*** Opening of Data ***
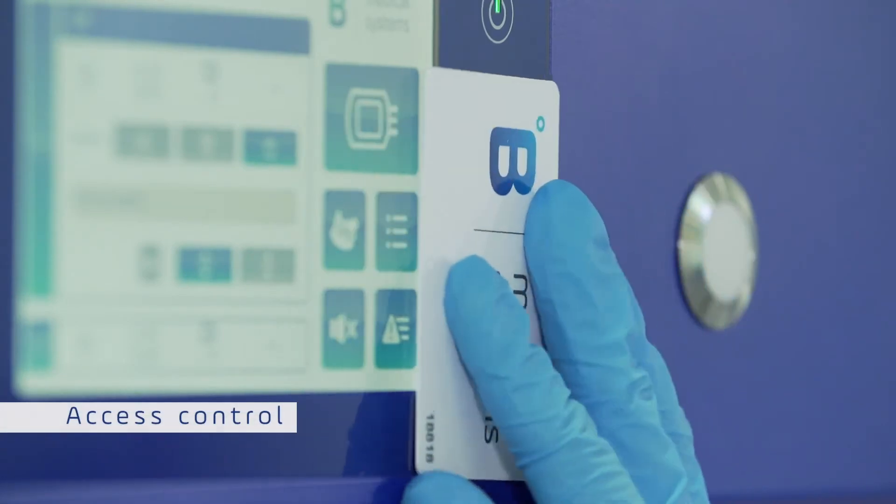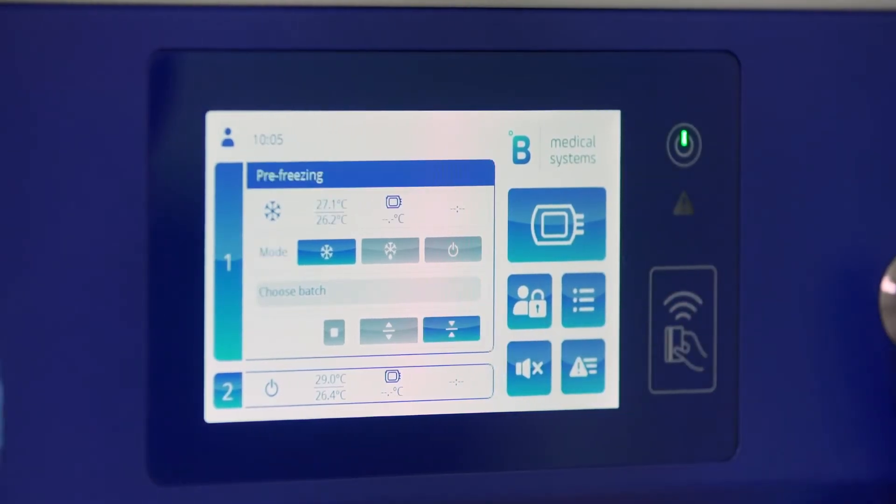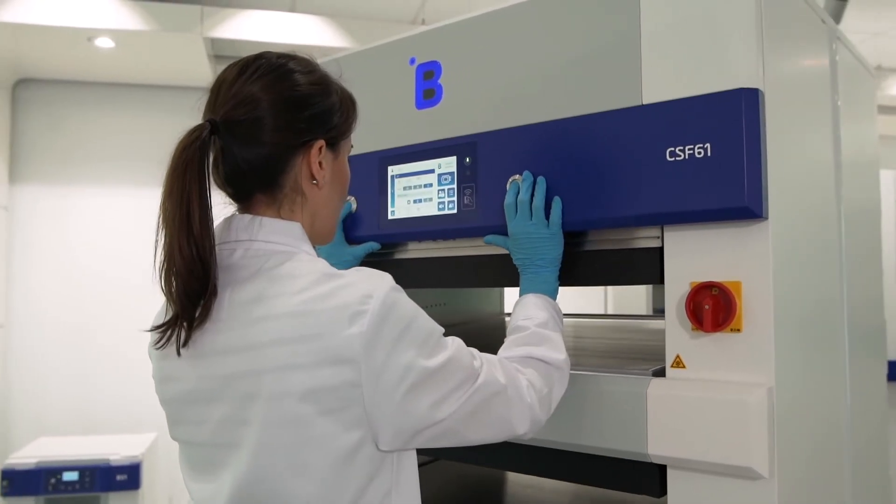Log in with your badge or password and start the pre-cooling of the freezing plates. Remember to press both buttons simultaneously.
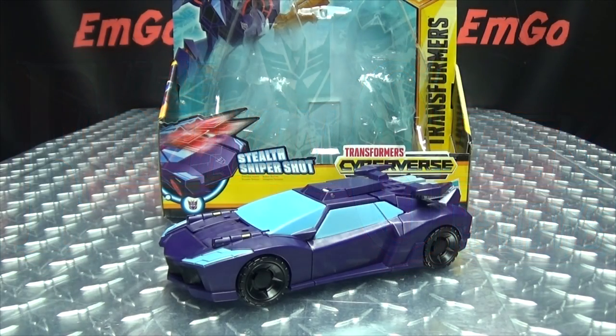Hey, what's up my peoples, emgo here, the freaking geek himself, and today we will be reviewing the Transformers Cyberverse ultra class Shadow Striker. So here we are and there she is.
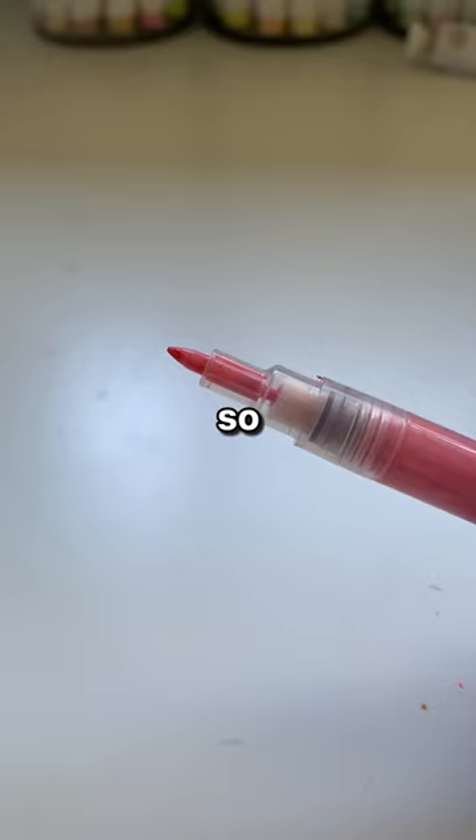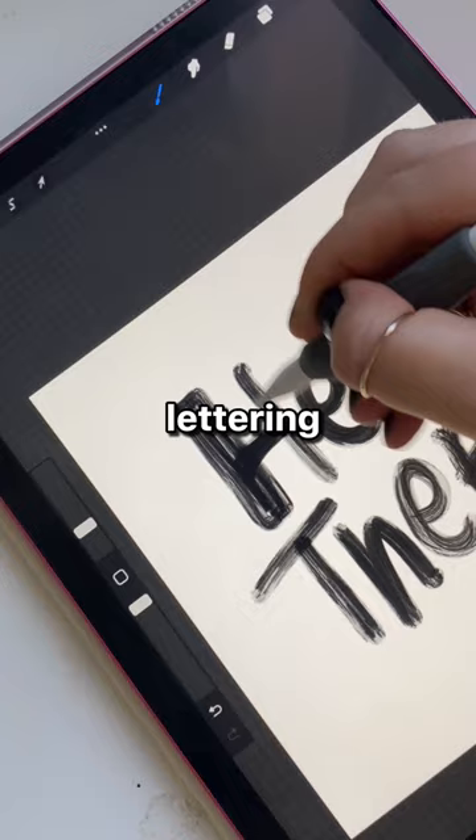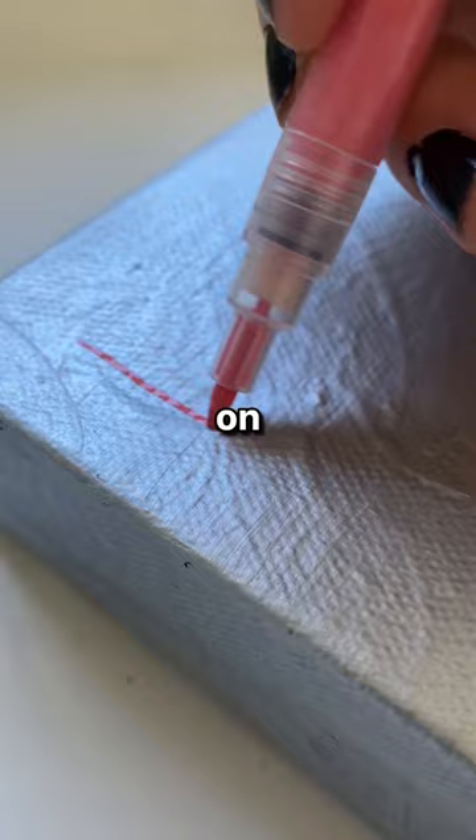I grabbed a paint marker, and something I've been doing recently that has helped a lot with lettering is just laying out my design on an iPad and sketching it out first. I did a rough sketch on Procreate just to kind of space out the letters. I didn't know what to write, so we're writing 'hello there.'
*** Close of Data ***
What to produce.
Exactly repeat the data above; the pictures do not belong in your copy.

Task response.
Log in with your badge or password and start the pre-cooling of the freezing plates. Remember to press both buttons simultaneously.
Hey, what's up my peoples, emgo here, the freaking geek himself, and today we will be reviewing the Transformers Cyberverse ultra class Shadow Striker. So here we are and there she is.
I grabbed a paint marker, and something I've been doing recently that has helped a lot with lettering is just laying out my design on an iPad and sketching it out first. I did a rough sketch on Procreate just to kind of space out the letters. I didn't know what to write, so we're writing 'hello there.'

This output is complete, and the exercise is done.